Furthermore, his dashboard showed zero API usage, no billable keys, and no payment method on file. He audited his own automation scripts and AI agents, finding nothing that explained the charges.

His bank declined two overseas charge attempts on July 8 because the amounts exceeded the card’s per-transaction limits. The repeated attempts still resulted in his primary credit card being blocked.

What Caused the Billing Error, According to Anthropic

Anthropic confirmed the mistake on July 12 and assured that no money was collected. The company attributed the invoices to an incorrect automatic credit reload setting, which it disabled as a precaution.

It also clarified that the incident did not involve unauthorized access. Anthropic has not explained how the reload value reached such an extreme figure.

The resolution, however, was far from smooth. The user spent four days and around 18 emails seeking written confirmation that the invoices were void. Meanwhile, automated replies kept arriving instead of human responses. He eventually asked the company to respond by Monday afternoon, Korean time.

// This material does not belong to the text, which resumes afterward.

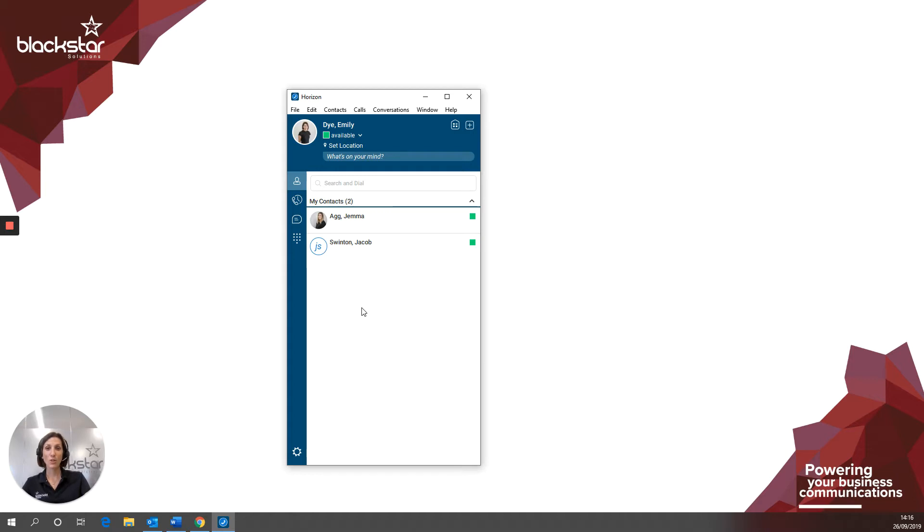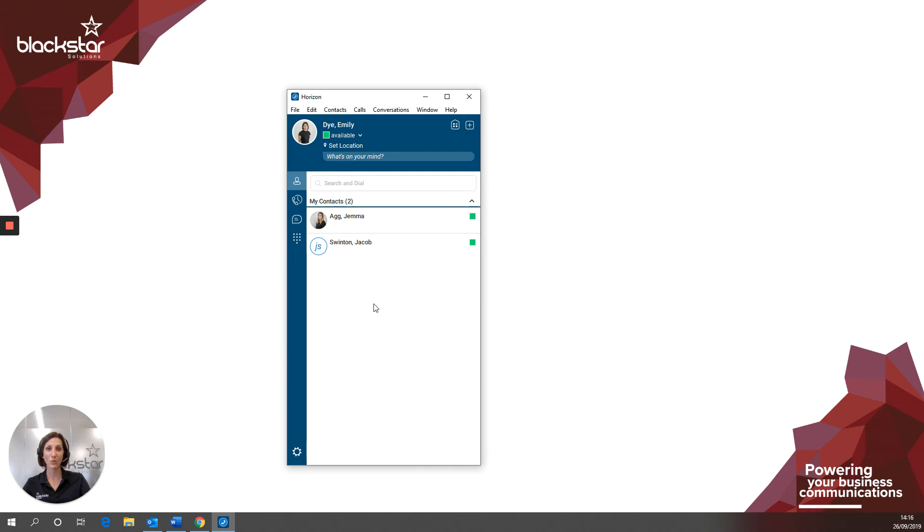Thanks for watching. Be sure to subscribe for updates on future Blackstar Enhance videos. If there are any videos you want me to cover regarding anything at all, please comment or for further assistance email Enhance at blackstarsolutions.co.uk. Thanks for watching and we'll see you next time.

The case also exposed a wider industry problem. Audit startup Vaudit reviewed $34 million in AI invoices from 60 enterprise clients and found roughly $1.7 million in overcharges. That represents an error rate of about 5%, much of it tied to AI billing systems. Clients affected by those errors included major corporations like Panasonic, HP, and Honda.

For users, the lesson is simple. Reviewing billing dashboards, monitoring card notifications, and reporting unusual charges quickly can prevent a glitch from becoming a financial nightmare.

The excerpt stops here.